Bu izinler, yıllık ücretli izinde olduğu gibi iş günü olarak değil, çalışılmayan hafta ve genel tatil günleri de dâhil takvim günü olarak kullanılır.
Dikkat edilirse yapılan yasal düzenlemede işçiye kendi ana ya da babasının, eşinin, kardeşinin, çocuğunun ölümü halinde ücretli mazeret izni verilirken, eşinin ana ya da babasının ölümü halinde de ücretli mazeret izni verilmesi hususuna yer verilmemiştir.

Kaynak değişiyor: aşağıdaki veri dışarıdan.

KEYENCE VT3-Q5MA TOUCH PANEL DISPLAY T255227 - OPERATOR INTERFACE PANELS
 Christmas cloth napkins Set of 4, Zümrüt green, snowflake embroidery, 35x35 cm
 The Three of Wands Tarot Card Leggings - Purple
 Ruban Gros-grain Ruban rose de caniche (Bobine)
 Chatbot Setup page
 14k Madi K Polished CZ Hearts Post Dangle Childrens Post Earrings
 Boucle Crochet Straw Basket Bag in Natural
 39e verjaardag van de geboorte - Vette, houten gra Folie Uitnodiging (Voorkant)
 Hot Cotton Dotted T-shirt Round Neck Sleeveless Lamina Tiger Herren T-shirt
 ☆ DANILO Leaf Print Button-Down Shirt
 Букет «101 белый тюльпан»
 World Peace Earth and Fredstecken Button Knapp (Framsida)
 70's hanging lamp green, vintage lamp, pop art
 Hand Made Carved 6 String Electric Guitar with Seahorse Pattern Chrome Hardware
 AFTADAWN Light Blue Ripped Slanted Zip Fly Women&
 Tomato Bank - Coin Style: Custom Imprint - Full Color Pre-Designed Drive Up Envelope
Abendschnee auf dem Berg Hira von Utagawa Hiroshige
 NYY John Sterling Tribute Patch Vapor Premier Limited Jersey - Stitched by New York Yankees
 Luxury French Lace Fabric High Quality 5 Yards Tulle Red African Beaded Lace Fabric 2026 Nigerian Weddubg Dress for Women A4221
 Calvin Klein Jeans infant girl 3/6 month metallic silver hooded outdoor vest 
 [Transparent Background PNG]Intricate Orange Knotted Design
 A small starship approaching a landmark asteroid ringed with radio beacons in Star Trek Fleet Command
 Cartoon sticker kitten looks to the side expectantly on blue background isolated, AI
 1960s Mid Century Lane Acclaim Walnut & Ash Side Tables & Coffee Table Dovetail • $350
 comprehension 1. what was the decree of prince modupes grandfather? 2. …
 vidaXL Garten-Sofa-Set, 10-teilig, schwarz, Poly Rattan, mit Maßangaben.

Bu nedenledir ki uygulamada çalışan işçinin eşinin anası ya da babasının ölümü halinde ücretli mazeret izni verilmemektedir.
Oysa Türk Medeni Kanunu’nun 18 nci maddesinde “Eşlerden biri ile diğer eşin kan hısımları, aynı tür ve dereceden kayın hısımları olur.” düzenlemesine yer verilmiş, hatta maddenin 2 nci fıkrasında “Kayın hısımlığı, kendisini meydana getiren evliliğin sona ermesiyle ortadan kalkmaz.” denilmiştir.
Medeni Kanunun bu hükümleri dikkate alındığında işçinin kaynanası ya da kayınbabası, kendi öz anne ya da babası ile aynı derecede hısım oldukları görülmektedir.
Bu konuda Çalışma ve Sosyal Güvenlik Bakanlığı yayınladığı görüşünde 4857 sayılı İş Yasası’nda işçinin birinci derecede yakını olan kayınpederinin ölümünde izin verileceğine ilişkin herhangi bir hüküm bulunmadığı gerekçesiyle, eğer iş ya da toplu iş sözleşmesinde de hüküm yoksa ücretli mazeret izni verilip verilmeyeceğinin takdirinin işverende olduğunu belirtmiştir.
Evlilik birliği içinde eşlerden birinin anne ya da basasının ölümünün acısını ve bunun getirdiği yükümlülüklerin sıkıntısı birlikte çekilmektedir. Bu nedenle gerekli yasal düzenlemelerin bir an önce yapılması gerekmektedir.